Another thing the Economic Leaders and the prime minister have in common is terror of straightforward discussion of Israel's fundamental, urgent economic problems: poor budget management, preposterous tax revenue forecasts, allocations to the religious and cronies of the government, corruption and the bloated public sector. And, of course, the price of Israel's diplomatic performance.
Like their prime minister, the Economic Leaders prefer to cling to that tired old mantra about interest rates. For instance, in a press release on Sunday, they repeated that the Bank of Israel's "draconian interest rates are depressing consumption and demand, and therefore also production and trade, generating a vicious circle of recession and unemployment."
The prime minister apparently concurs, since his bureau bosses spent the last two weeks leaking about intentions to depose the central bank governor, based on his maintaining an interest rate policy that contravened government policy.
It is time to tell the sad truth about interest rates, a truth that most financial officers and economists working for the Economic Leaders know perfectly well, a simple truth that Israel's bankers and capital market people are aware of, a truth that even the Finance Ministry and maybe even the Prime Minister's Office recognize - though they wouldn't admit it for the world.
Yes, ladies and gentlemen, the truth is that even if governor David Klein were to be kicked out first thing tomorrow morning, and if he were replaced by Arik himself; even if the Bank of Israel were to be transformed into a department of the Finance Ministry; even if Klein is replaced by the leader of the Economic Leaders - Israel Corporation chairman Yossi Rosen - lending rates wouldn't so much as twitch. The chance that any of them would cut the interest rates is roughly zero.
The reason is painfully simple. The draconian rates the central bank charges on its sources are the sole source of stability left. It is the only thing preventing investors from chasing after foreign currency vehicles. It is the only thing between the shekel and massive devaluation.
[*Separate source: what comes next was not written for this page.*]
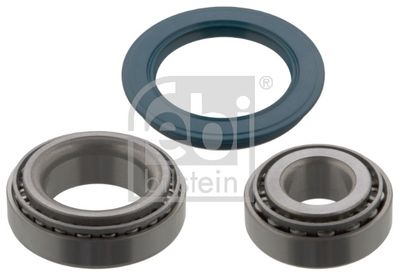 Wheel Bearing Kit FEBI BILSTEIN 12934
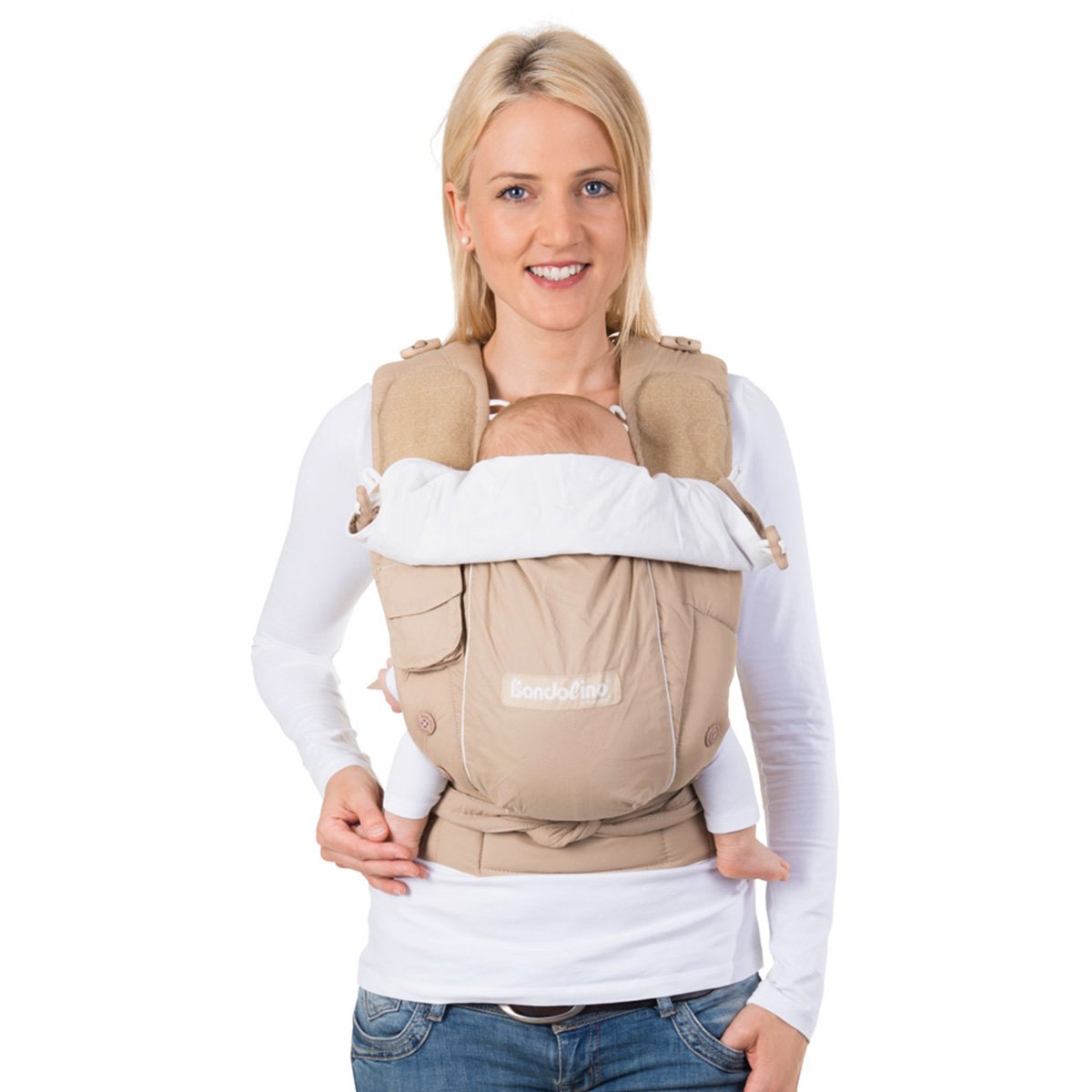 bondolino baby carrier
It is the only thing stopping an inflationary outbreak and financial spiral of the kind we saw last June.
The moment one of those Economic Leaders takes the central bank helm, he will be advised by all the central bank officers, the bankers and the capital market mavens of the real sad truth: The Bank of Israel hasn't been in control for a long, long time.
The crisis to which the economy has been reduced, the loss of confidence in economic policy and the elephantine budget deficit have deprived the Bank of Israel of most of its maneuverability regarding monetary policy. David Klein and the other Bank of Israel chiefs would love to lower interest rates, just as much as the prime minister and the Economic Leaders would. Maybe even more. But they are out of wiggle room. Any rating cut of more than cosmetic value could ignite a wave of demand for foreign currency, and nobody could predict how it might culminate.
Even worse - although the insanely high central bank rates did manage to stabilize the currency and financial markets in the last half-year, they may be losing their effect. If it weren't for widespread expectations of American intervention in Israel's economy, through guarantees or through imposing a diplomatic solution when Iraq is out of America's hair, even the currently vast gap between interest rates on the dollar and shekel wouldn't suffice to prevent a financial crisis.
The key to rate cuts isn't in the hands of the central bank governor. It is in the hands of the prime minister and finance minister. Only after they present a credible economic program, only after they convince the public that they have a clear plan to halt Israel's economic freefall, only then could David Klein start lowering interest rates.
In his monthly press release on interest yesterday, Dr. Klein offered several explanations for leaving the rates intact. But he knows the sad truth about the main tool the central bank possesses: that it is out of his control.